== Segment start ==

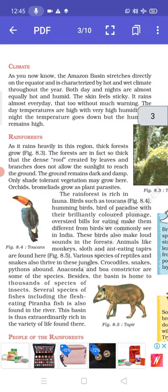The Amazon basin stretches directly on the equator and is characterized by hot and wet climate throughout the year. Both day and night are almost equally hot and humid. The skin feels sticky. It rains almost every day, without much warning. The day temperatures are high with very high humidity. At night, the temperature goes down but the humidity remains high.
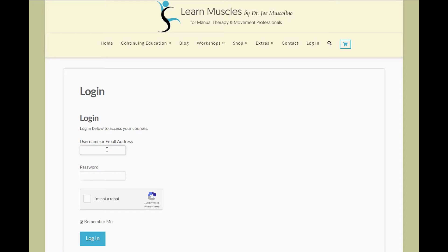After that, you'll need to select 'I'm not a robot,' and then I recommend you keep 'Remember Me' ticked. That way you'll always be logged in when you come to the website. Once you've filled in your information, just click on log in.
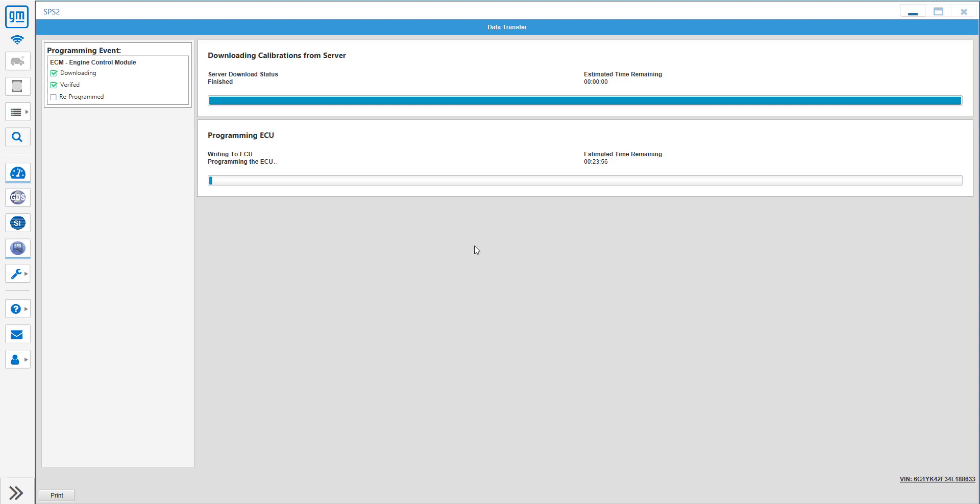What this means is usually when programming engine computers and other modules, it will use a four times speed. The reason we don't use that currently is because the OBDX Pro does not have a way of going back to one times at the end of the programming procedure, which makes SPS freak out.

== Segment end ==

» WHAT IS BEING ASKED
The required answer is the material repeated exactly, with no images in it.

» TASK RESULT
The Amazon basin stretches directly on the equator and is characterized by hot and wet climate throughout the year. Both day and night are almost equally hot and humid. The skin feels sticky. It rains almost every day, without much warning. The day temperatures are high with very high humidity. At night, the temperature goes down but the humidity remains high.
After that, you'll need to select 'I'm not a robot,' and then I recommend you keep 'Remember Me' ticked. That way you'll always be logged in when you come to the website. Once you've filled in your information, just click on log in.
What this means is usually when programming engine computers and other modules, it will use a four times speed. The reason we don't use that currently is because the OBDX Pro does not have a way of going back to one times at the end of the programming procedure, which makes SPS freak out.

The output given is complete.